Give back all of the data exactly, with every picture omitted.
(DATA BELOW Opens)
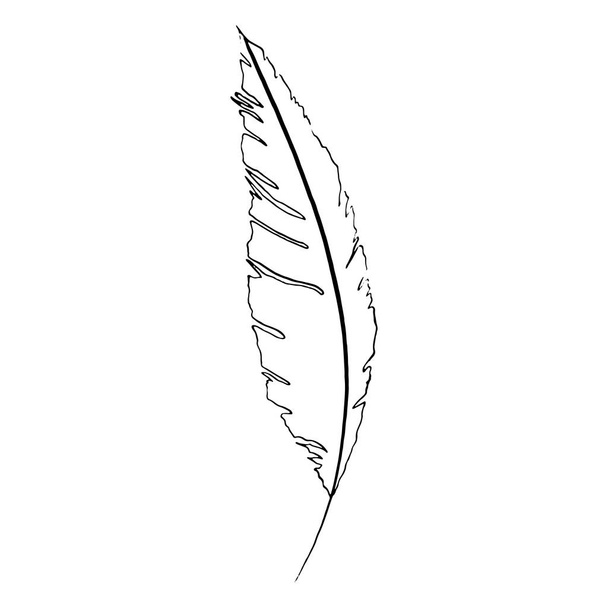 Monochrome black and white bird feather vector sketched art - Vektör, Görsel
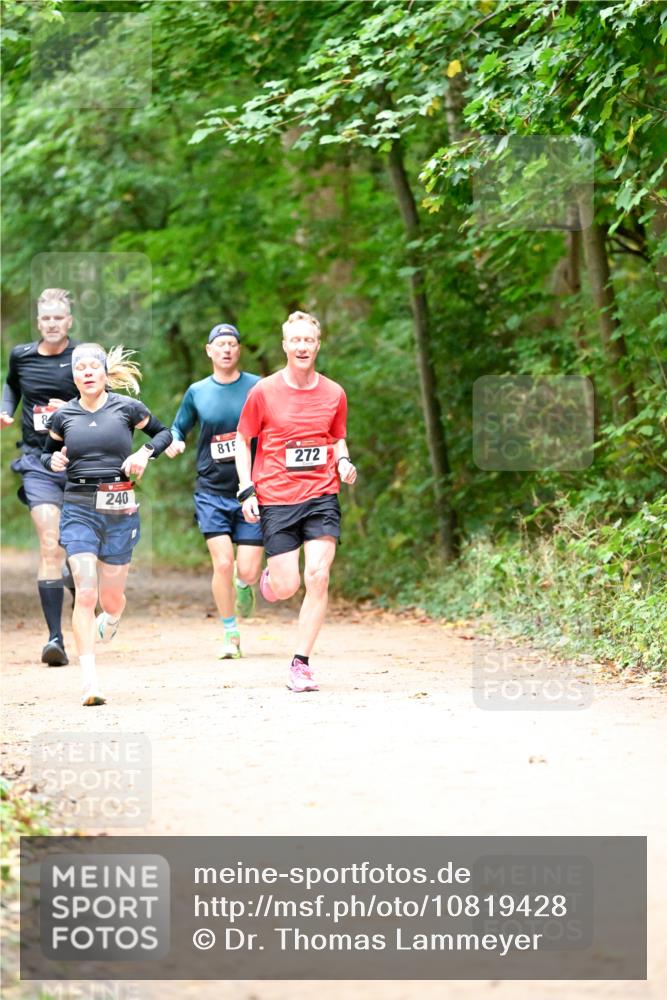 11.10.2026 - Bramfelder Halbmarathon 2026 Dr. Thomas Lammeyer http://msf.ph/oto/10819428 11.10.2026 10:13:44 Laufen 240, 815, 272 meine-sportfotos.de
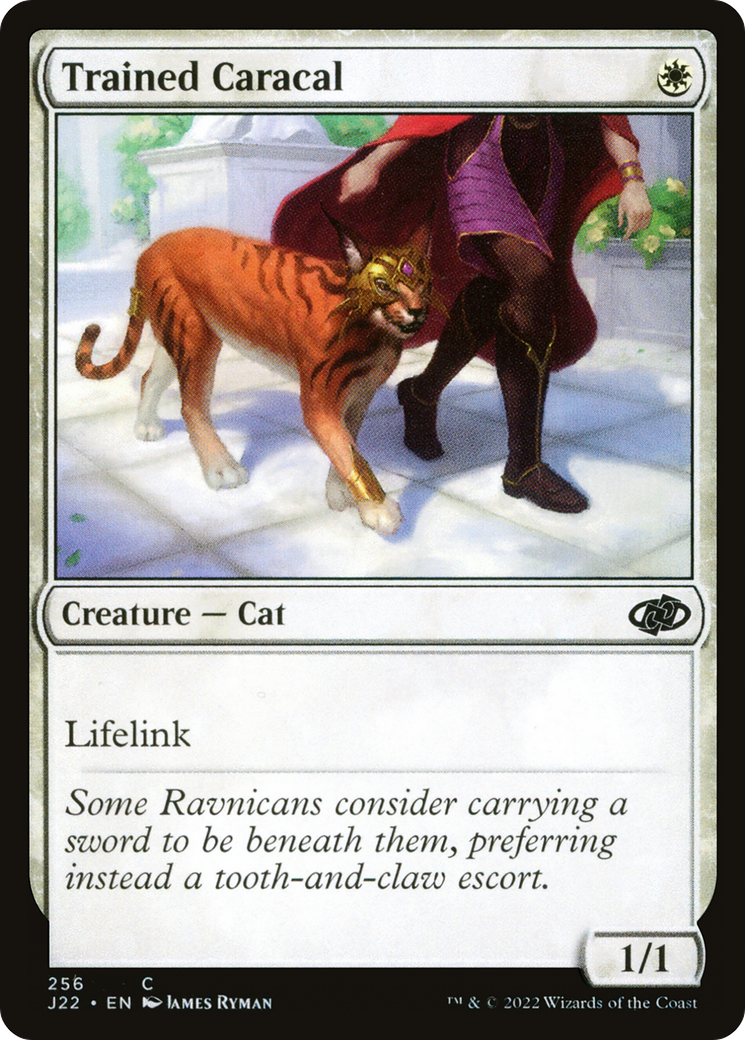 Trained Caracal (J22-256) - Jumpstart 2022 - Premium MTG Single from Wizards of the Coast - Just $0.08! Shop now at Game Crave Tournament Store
(DATA BELOW Closes)
ANSWER SPACE:
 Monochrome black and white bird feather vector sketched art - Vektör, Görsel
 11.10.2026 - Bramfelder Halbmarathon 2026 Dr. Thomas Lammeyer http://msf.ph/oto/10819428 11.10.2026 10:13:44 Laufen 240, 815, 272 meine-sportfotos.de
 Trained Caracal (J22-256) - Jumpstart 2022 - Premium MTG Single from Wizards of the Coast - Just $0.08! Shop now at Game Crave Tournament Store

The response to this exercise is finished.